When a crisis hits, instinct sends us to the store to stock up. Water? Check. Ice cream? Check. Frozen lasagna? Check. Better make that double of everything, just in case. We stock our pantry, the fridge, the freezer, and the back-up chest in the garage. There is enough food for days, weeks even, in the event that, what, a nuclear bomb hits? A snowstorm traps us indefinitely inside the four walls of our home, or the coronavirus threatens to keep us quarantined indefinitely?
We react irrationally, thinking this behavior will protect us, hoping we can stay safe. Then we come home and panic because we feel out of control. It is a field day for the primitive part of our brain that functions in survival mode. It does whatever it can to try and keep us safe, to make things comfortable, to help us feel better in the moment. With the world around us in chaos, the primitive brain does not have to look far to find relief.
Food is the easiest, cheapest and most convenient way to experience short-term comfort, and because it is how most of us cope with stress, it is also an ingrained habit. Put us in the middle of a crisis, at home with too much food, and it is a perfect recipe for overeating and weight gain.
Maybe that does not matter to you. I am here to tell you that it should.
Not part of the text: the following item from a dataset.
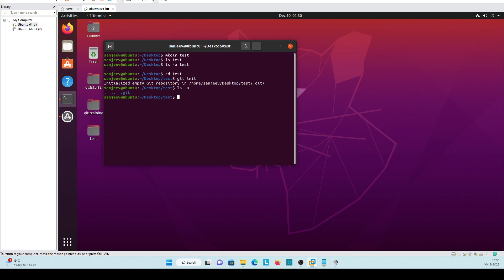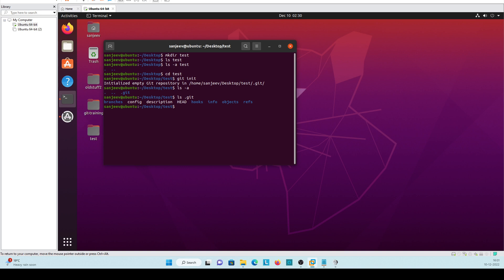If you want to check what is inside dot git, just use this one. It's created branches, config, description, head, hooks, info, objects, refs. So branches will contain all the branch names, whatever branch name you will give while configuring the git.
The more you eat to manage your emotions, or the hardship of a difficult situation, the worse off you are. Not just because you bog down your physical health with excess consumption, expended energy, and potential weight gain. But because you neglect your emotional well being when you try to solve for stress by eating. Consuming food when you are stressed gives you temporary pleasure, but it does not resolve or handle the reason behind the distress, it just buries it.
That stress does not go anywhere. It just festers, deep down underneath the layers, and it will remind you that it is there until you figure out how to truly deal with it. Fatigue, anxiety, low-level depression, and irritability are all symptoms of unresolved emotional issues. Until you allow them to come to the surface, and work their way out of your system, they will persist and burden you with their weight.
How do you manage thoughts of fear, worry, and impending doom when you are in crisis mode? Most of us are never taught anything other than how to cope with food, alcohol, drugs, t.v. or shopping. Instead of numbing feelings, real processing involves letting the thoughts and emotions be present without ignoring, distracting or pushing them aside. Once you get good at paying attention to how you truly feel, you can start to consider the thought that is causing it.
You see, between every circumstance (such as the coronavirus) and feeling that you experience about it, is an elusive yet powerful thing called a thought. A thought is simply what you choose to make something mean.
Ponder that last sentence for just a minute longer before reading on. Let the gravity of the reality sink in fully because it means you have the ability to decide how you interpret any given situation. A circumstance by itself is completely neutral. It is a fact, nothing more, nothing less. It is not a crisis until you decide to think of it that way.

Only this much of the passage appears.